About the most positive thing to come out of it is the referrals we have received from IFAs.

 

AnnaKournikovasKnickers's picture

IFA's a Wealth Management

AnnaKournikovas... | | Permalink

 Every so often, like Paul’s revelation on the road to Damascus this old favourite makes the rounds. The business model will not work.  Wealth management where the accountant’s input can make a difference is not where it’s at any more. The RDR (Retail Distribution Revue) will ban commissions on investment and pension sales and fee-sharing between IFA’s and accountant’s, and the latter’s requirement for transparency to their clients will be impractical.

 

Commissions on life and other ‘protection’ insurance (which has always been where the big money) is will remain. But the accountant’s involvement (other than the credibility given to the IFA salesperson by the referral) is irrelevant here.

 

If you do venture down this path, you should know that IFA networks like Positive Solutions are largely comprised of salespersons who are refugees from the large insurance company direct sales forces that were closed down in the 1990’s. And you may be introducing an ex ‘Man from the Pru’ to your client.

 

Better off chumming up with an established local directly authorised IFA with whom some of your clients have already dealt. Or training your own up. Better to graft financial services skills on to a young accountant than trying to get an insurance man to fit in to the ethos of accountants.

Before 1988

geoffmw | | Permalink

when Life and pensions work became regulated I was able to get quotes from the top half dozen or so insurance companies (not Equitable Life) which has in the main turned out well for those clients who may otherwise not have made pension contributions.

 

When feepaying comes back in as compulsory this work will come back to those accountantrs who ccan tie up with a decent IFA who can afford to invest in the proper internet tools and still share the fees (with the clients' knowledge that this is happening.

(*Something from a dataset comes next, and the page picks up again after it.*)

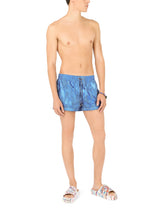 Short garment-dyed swim trunks - | Dolce & Gabbana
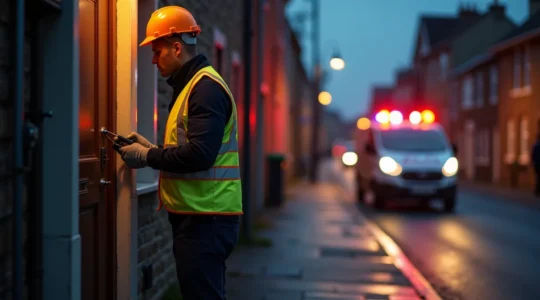 Serrurier dépanneur en intervention nocturne avec tenue de haute visibilité et équipements de sécurité normalisés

Even meanwhile I have been careful only to recommend 1 or 2 trusted IFA's and obtain introductory commission.

Paul Scholes's picture

While I'm at it I'll sell their house for them as well

Paul Scholes | | Permalink

I too remember pre 1988 when I'd be shoved out to the client by the partner to collect their tax stuff and give them investment advice, I shudder to think what I said and so it was a blessing when someone realised we needed a separate fully trained and regulated FS industry.

Well that was the hope but, of course, as we all know, greed & repackaging of basic goods as something new or different has generated bigger problems than just picking the wrong building society.

I also have to say that I get enough excitement? from being an accountant and, like property development, estate agency, insolvency work and betting on the horses, the world of financial services leaves me cold.  I would also dispute that our judgment abilities are lacking without FS work, I use mine every day in areas I enjoy and in which I can provide value and the picture painted by Gordon of a non-FS practice as a compliance machine is an insult.  I would also question his assumption that we all charge by the hour and don't recognise the value to the client of a piece of advice that could make them or save then £1M.

Any advisor worth his or her salt should have a reasonable grasp of the basics of sound financial management but these days I tend to rely on advice from my wealthy clients over detailed stuff, they know far more than most IFAs I come across.

I'm sure GG didn't intent to raise hackles but the article appears "cheap" and unrepresentative of life without FS.